I had a bizarre request from some folks to appear in a locally produced movie, and the shooting was scheduled for Tuesday night after my radio show on DIY. Taylor Purdee is a recent graduate of the LV Charter Arts School and is writing and producing an original film. It’s about a recent college graduate whose plans to go on a music tour fall apart, leaving him trapped at home. He soon meets other similarly educated, similarly unemployed young people and turns disappointment into hope by forming a new band. Yup. Been there, done that.

I finished up my radio show at 9 pm and headed towards Easton, and, as I drove the back roads, it started to rain unexpectedly. I wondered if the campfire scene would go one. I arrived in the rain and, after a short spell, (and after I got makeup on), we headed down to the site. There were lots of extras on hand, including some youngsters (one of whom knew me from Calypso School), and some other familiar folky faces. They ran at least ten takes of  a general campfire scene that didn’t involve me, so I parked myself in the damp to watch. Lots of support to make this happen.

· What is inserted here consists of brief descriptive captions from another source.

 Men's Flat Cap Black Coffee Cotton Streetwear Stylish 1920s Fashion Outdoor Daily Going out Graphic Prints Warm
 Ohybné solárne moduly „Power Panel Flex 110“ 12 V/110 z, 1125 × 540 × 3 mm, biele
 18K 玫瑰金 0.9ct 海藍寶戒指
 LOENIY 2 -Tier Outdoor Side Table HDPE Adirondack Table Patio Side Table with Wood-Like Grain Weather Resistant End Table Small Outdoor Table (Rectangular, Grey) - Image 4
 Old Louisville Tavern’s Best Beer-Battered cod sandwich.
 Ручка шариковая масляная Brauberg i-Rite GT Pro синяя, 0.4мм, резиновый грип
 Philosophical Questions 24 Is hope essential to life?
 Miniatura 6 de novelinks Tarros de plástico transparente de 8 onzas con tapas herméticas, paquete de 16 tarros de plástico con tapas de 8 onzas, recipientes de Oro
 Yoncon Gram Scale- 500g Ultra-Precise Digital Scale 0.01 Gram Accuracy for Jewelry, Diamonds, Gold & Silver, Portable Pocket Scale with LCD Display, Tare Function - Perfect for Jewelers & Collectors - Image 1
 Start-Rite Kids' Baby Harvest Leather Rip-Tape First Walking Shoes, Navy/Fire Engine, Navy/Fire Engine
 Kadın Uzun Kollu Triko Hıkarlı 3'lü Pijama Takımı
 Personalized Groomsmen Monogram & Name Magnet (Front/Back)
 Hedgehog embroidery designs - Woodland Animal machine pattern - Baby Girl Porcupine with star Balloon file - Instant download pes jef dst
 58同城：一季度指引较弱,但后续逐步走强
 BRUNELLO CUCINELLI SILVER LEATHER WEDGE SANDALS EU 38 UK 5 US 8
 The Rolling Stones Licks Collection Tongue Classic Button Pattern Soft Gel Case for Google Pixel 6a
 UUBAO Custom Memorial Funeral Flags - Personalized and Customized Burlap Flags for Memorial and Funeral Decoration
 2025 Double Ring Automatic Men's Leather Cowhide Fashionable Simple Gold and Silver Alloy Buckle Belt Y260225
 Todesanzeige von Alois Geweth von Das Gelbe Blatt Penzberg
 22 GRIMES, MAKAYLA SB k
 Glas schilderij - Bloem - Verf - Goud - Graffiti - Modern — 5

I was cast as the elder of a local folk music scene. (hmmph…) I had two scenes to deal with. The first was a campfire scene with a bunch of folks sitting ’round, starting with my duet with a woman singing Satisfied Mind and morphing into Taylor leading This Train is Bound for Glory. We ran it many times while I was still trying to figure out what Taylor wanted. Seat of Pants Production. It eventually congealed, with several good moments that I hope they will use. I was good at working the crowd to sing along and react. It will be authentic, I think. We finally got what they wanted about 1 pm, past my bedtime.

The toughest scene was a one-on-one with Taylor. He had asked me to learn The Death of Queen Jane, a traditional tune that was featured in the Coen brothers’  folk music movie Inside Llewyn Davis. That’s where Taylor probably found it. I looked it up on YouTube, and worked it out on the mandolin as an instrumental. I spent a lot of time working on it and came up with a loose variation. The scene involved me playing an obscure tune and Taylor’s character figuring it out, thus giving him some folk bonafides. We did many takes, all the while I was trying to remember the tune on the mandolin, my relationship with Taylor’s character and my acting skills. We finished up around 2:30 am. We’ll see.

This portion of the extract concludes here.